Accessing WilsonWeb via Federated or Meta Search Systems

   
 

Contents

Section I: Introduction

Section II: Methods Available

   Z39.50 Method

     Overview

     Advantages and Disadvantages

     Authentication

     Search Queries and Result Count

     Result Displays

     Releasing the Session

   HTTP Method

     Overview

     Advantages and Disadvantages

     Authentication

     Search Queries and Result Count

     Result Displays

     Releasing the Session

Section III: Other Considerations

Section IV: Reference Documents

Section V: Contact Information

 

Section I: Introduction

This document describes methodologies for accessing WilsonWeb subscriptions via meta search gateways. The intended audience is the meta search gateway development staff. It presents two alternative ways one might approach sending queries via a gateway and then presenting the results in either a summary HTML format or a detail HTML format. It includes a discussion of the pros and cons of the two methodologies. For the purposes of this document, the term gateway simply means an intermediate system that performs a WilsonWeb search on behalf of some end user.

Section II: Methods Available

The model described is one where the gateway sends a query to WilsonWeb on behalf of some meta search system user. It is presumed that once the gateway determines if there are any hits on WilsonWeb for the given query, it will provide the user with an HTTP link that will send the user to WilsonWeb in order to display the records from WilsonWeb. Other possibilities exist, but since this is the predominant model requested by users, it is the only one described here.
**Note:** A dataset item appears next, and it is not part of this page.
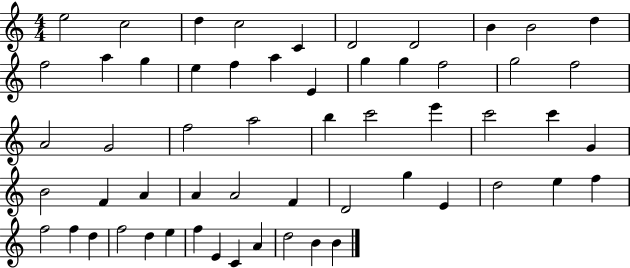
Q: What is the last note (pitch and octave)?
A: B4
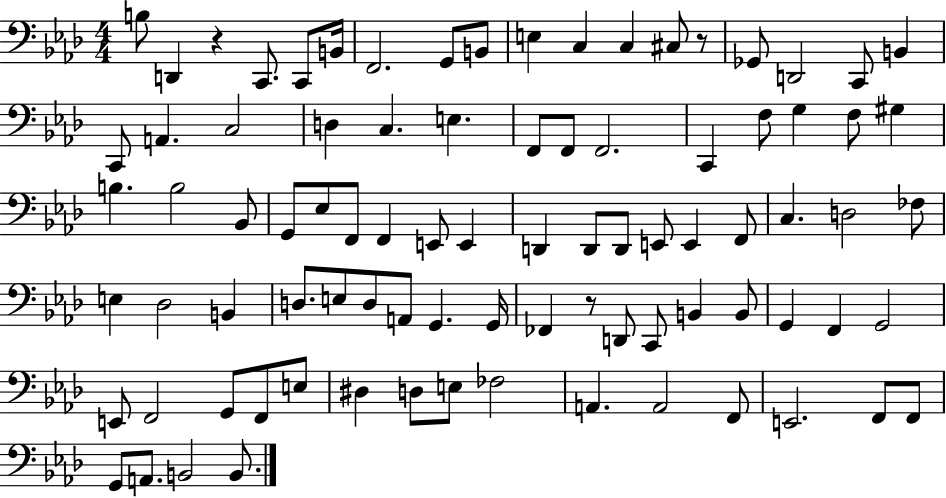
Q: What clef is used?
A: bass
WilsonWeb has two public interfaces for sending queries. One is to send the query via Z39.50, the other is to send the query via a search URL with the query specified as a parameter of the URL. A meta search to WilsonWeb could be built using either query method. The choice of methodology will depend on the capabilities and limitations of the gateway technology taking into account the capabilities and limitations of WilsonWeb. In both cases, the gateway needs to log the user in, indicate the desired database(s), perform the search, format the results (or some summary of the results) and insert the results into the web page viewed by the searcher. Also considered are the resource allocations of the two methods and other details of session management.

Top

Z39.50 Method

Overview

In this method, the gateway performs the query using Z39.50 and receives back a structured result set (in MARC or XML, say). The gateway then parses the result to get the desired level of information. It can then transform the result into HTML for the purposes of inserting the WilsonWeb result into the page sent back to the user. The HTML in this result will contain one or more HTTP links back to WilsonWeb that will permit browsing the result record details.

Advantages and Disadvantages

The advantage of the Z39.50 query is the detailed structure provided in the query response. A Z39.50 query request can be sent that returns only a hit count and no result records. Also, the Z39.50 server allows greater control over the number of records returned and the structure of the records returned. It is more straightforward to page through the results one block at a time in Z39.50 and receive records in either brief or full format as desired. Result response sets can be sorted into a number of desired orders. Also, the query syntax of Z39.50 is standardized, so the developer does not need to program a new query syntax in order to perform the query. The technologies used to access other Z39.50 targets can be utilized against Wilson’s Z39.50 server. Session management is also more straightforward with Z39.50 queries.
The disadvantage of this approach is that the meta search system must be capable of converting the Z39.50 result set to HTML since HTML is not one of the result formats native to the Z39.50 server.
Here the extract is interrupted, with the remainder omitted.